Tune ran into problems last month after Facebook made a small change in its ad policies related to deep links. Tune relied on deep links to provide data to its customers following a 2014 dustup with Facebook that somewhat limited what it could tell customers about their ads on the social media site. Facebook said in August that it was preventing companies from using deep links for measurement or tracking purposes.
On a recent GeekWire podcast from Tune’s annual Postback conference, Hamilton shed light on what he’s prioritizing for the future of Tune:
GeekWire: As you look at Tune and look ahead to the year ahead in 2017 and think about your culture and what’s going on in the marketplace, in particular, what’s at the top of your agenda right now as CEO of Tune?
Hamilton: “Well you know, we’ve gotten to a size and scale now that you have to think about: Who’s gonna be your most important customer? How are you gonna think about growth of the company, both from a financial perspective and from a human perspective, and what’s that gonna lead to? In the first place, when we talk about customer, certainly we’re working with more and more enterprise customers. That means that we have to go much deeper into organizations. We have to connect more features and more pieces of technology together for those organizations. Rather than spreading ourselves out across just a large number of companies, our focus is to go deep, and to get really connected to our customer. So that’s definitely a target for us.
When it comes to financial success, I care most about predictability. Obviously that’s better for customers also, if they can predict what their bill is going to be on a monthly basis, and they can understand how that’s gonna change over time. But it is also really valuable for us as a company, as we start thinking toward maybe moving into a public offering, or moving into something that I’m gonna have to report on these numbers every quarter and make damn sure that we’re gonna land them.
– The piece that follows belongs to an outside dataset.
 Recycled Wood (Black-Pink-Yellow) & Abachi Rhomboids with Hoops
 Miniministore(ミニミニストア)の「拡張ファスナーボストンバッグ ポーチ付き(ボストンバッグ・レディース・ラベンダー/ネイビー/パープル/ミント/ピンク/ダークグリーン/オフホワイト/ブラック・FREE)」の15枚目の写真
So that’s gonna be a big focus for us.”
In May, Tune added two people to its leadership team: former Oracle exec Ryan Buma joined the company as its chief commercial officer and former Simply Measured exec Leila Kirske now serves as Tune’s CFO.
Hamilton said Tune is still hiring for open roles. He also expressed gratitude to the employees let go today for their time at the company.
“I want to say thank you for those impacted and all those not,” he said. “It’s a big decision to spend years of your life with a company and I’m very honored that so many have chosen to do that with us at Tune.”